For my common stock I have chosen to do my paper on Ford, because I have
been following them since the middle of the depression when they were hit hard. Ford is a company that has been around so long that I have stayed interested in them for quite awhile. Before the recession I was holding some of their stock myself and ended up buying a little bit more when it was under two dollars, and sold the stock after it hit 15 dollars. As most people know Ford was incorporated in 1903, with the founder Henry Ford at the helm. The company went public in 1956, but using a special b stock the family retained nearly 40% of the voting rights. Throughout the time the stock has been publicly traded the company has been in relatively good shape in terms of financial stability. Ford has 2 main competitors GM and Chrysler, all of which suffered during the recession. In 2009 Chrysler filled for chapter 11 bankruptcy as they were having staggering troubles making money. In a just completed deal the company was purchased by the Italian company Fiat. GM filled for chapter 11 bankruptcy as well and was given a government bailout in 2009. Later in 2010 they went on to have an ipo and regained profitability later that year. Ford has had some troubles in the past decade or so even before the recession. In 2006 the recorded the biggest loss they had ever had on the books. After the recession hit the company was in dire trouble. Instead of asking the government for a bridge loan like GM and Chrysler did Ford just want a line of credit for 9 billion dollars. The credit was to allow them to be protected if the economy had gotten worse. During this time the company’s stock had fallen from about 15 dollars per share in 2005 to $1.43 per share in 2009, and the company’s bonds were classified as junk bonds. After they received their first profitable year in 2010 the bonds were reclassified to investment grade and the company began to recover. After an initial spike in 2011 to around 18 dollars per share the company fell in 2010 to around 10 dollars per share. Since then though it has had steady healthy growth leading up to $16.65 per share as of closing market time today.
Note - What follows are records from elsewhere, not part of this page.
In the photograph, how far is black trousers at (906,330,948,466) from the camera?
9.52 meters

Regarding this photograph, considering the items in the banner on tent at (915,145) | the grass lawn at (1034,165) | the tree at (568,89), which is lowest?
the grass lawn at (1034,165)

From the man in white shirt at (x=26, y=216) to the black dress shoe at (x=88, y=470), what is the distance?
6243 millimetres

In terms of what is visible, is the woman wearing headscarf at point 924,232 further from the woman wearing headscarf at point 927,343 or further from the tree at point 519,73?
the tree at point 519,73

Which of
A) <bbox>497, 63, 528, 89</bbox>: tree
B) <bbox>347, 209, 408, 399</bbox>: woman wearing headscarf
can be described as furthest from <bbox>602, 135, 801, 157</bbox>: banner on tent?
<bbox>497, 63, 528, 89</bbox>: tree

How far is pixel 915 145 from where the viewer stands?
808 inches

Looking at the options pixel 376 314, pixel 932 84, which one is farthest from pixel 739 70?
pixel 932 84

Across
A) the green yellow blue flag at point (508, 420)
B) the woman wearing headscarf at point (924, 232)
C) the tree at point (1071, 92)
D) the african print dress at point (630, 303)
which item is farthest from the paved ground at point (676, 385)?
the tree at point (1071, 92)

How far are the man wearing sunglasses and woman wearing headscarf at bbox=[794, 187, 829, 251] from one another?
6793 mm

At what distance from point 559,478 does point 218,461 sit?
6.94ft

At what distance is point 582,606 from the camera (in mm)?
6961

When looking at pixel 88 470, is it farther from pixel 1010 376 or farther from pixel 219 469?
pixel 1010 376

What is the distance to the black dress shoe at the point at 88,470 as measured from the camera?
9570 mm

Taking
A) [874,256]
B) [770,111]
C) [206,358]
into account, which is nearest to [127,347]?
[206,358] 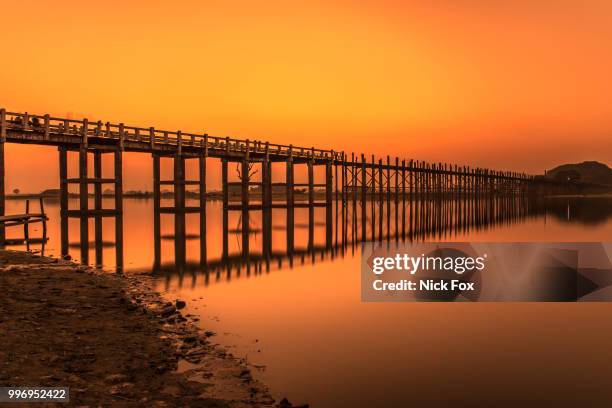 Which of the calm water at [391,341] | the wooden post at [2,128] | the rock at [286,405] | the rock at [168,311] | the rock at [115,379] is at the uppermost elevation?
the wooden post at [2,128]

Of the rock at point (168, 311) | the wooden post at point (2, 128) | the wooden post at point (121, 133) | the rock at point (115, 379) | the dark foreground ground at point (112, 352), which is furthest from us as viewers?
the wooden post at point (121, 133)

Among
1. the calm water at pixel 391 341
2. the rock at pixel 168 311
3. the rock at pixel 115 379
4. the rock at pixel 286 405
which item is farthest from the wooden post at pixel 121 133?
the rock at pixel 286 405

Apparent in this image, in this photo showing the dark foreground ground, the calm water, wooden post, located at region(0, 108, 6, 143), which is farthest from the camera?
wooden post, located at region(0, 108, 6, 143)

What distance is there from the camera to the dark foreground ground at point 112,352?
20.7 feet

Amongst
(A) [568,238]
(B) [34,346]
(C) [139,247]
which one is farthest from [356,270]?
(A) [568,238]

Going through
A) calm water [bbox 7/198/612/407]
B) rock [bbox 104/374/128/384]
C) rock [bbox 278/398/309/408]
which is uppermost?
rock [bbox 104/374/128/384]

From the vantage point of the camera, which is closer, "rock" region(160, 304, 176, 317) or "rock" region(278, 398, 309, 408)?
"rock" region(278, 398, 309, 408)

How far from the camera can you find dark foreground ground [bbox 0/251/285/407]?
6.32m

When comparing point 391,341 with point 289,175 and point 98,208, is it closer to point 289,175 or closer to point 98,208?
point 98,208

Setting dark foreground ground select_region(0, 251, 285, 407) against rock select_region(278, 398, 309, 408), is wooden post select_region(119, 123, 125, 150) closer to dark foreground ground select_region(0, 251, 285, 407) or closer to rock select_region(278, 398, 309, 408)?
dark foreground ground select_region(0, 251, 285, 407)

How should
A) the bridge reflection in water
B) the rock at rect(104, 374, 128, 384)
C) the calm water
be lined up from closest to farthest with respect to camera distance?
1. the rock at rect(104, 374, 128, 384)
2. the calm water
3. the bridge reflection in water

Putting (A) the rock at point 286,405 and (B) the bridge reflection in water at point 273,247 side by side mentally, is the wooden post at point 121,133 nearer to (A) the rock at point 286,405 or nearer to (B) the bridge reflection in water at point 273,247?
(B) the bridge reflection in water at point 273,247

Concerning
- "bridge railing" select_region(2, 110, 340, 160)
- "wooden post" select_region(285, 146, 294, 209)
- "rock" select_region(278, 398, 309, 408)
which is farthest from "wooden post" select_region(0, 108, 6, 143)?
"wooden post" select_region(285, 146, 294, 209)

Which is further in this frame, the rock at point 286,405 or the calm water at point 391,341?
the calm water at point 391,341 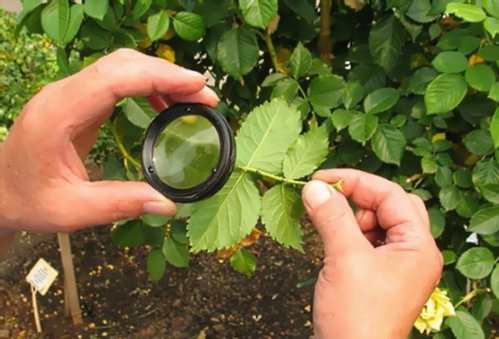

For my mutual fund I have decided to report on ProFunds Biotechnology
UltraSector Inv, (BIPIX). The mutual fund finds and invests in securities that the financial advisors and brokers feel should have a one and a half times daily return compared to the actual index. The mutual fund only looks at daily returns that way they can quantify how much they have had a return of. The mutual fund measures the performance of the biotechnology sector of the U.S. market. Companies that are often looked at are one that has some kind of components for biological development. Research and development for drug companies is something that is looked at fairly highly as well. The companies that are invested in usually make their money by selling or licensing tools and drugs for the public or for diagnostic uses. This fund has two ways that you can buy into it. The first is, with the use of a financial professional and the minimum to buy is $5,000. When not using a financial professional it will cost someone $15,000 to buy into the index. The reason to buy into the fund though is quite obvious looking at its returns are extremely high. As of this year the returns are over 32 percent. The 5-year return for the index is over 40% that kind of return is what will make investors very happy about choosing that index over another. The Morningstar rank for the index is a 5 on the return scale out of a possible 5. Since the index’s inception in 2000 the fund has seen over 100% growth throughout the years. Looking around at other indexes in the trading leveraged equity section of the mutual funds they all seem to have quite high returns for the investor. The average 3 year return for these seems to be in the range of 25%- 40% and nearly all of them are over 30% returns for the 3 month range. My fund that I have chosen to research seems to be on par with the rest of these funds and seems to be doing average to above average in the category that its placed in, it currently has a rank of 8 in the performance section. Overall, the mutual fund and stock that I picked out to research both seems to be healthy and preforming quite well. Most investors should see nice returns with these 2 different investments. I personally would like to invest in each of these options as the returns seem quite nice compared to a .01% savings account, or just sitting at home in a drawer.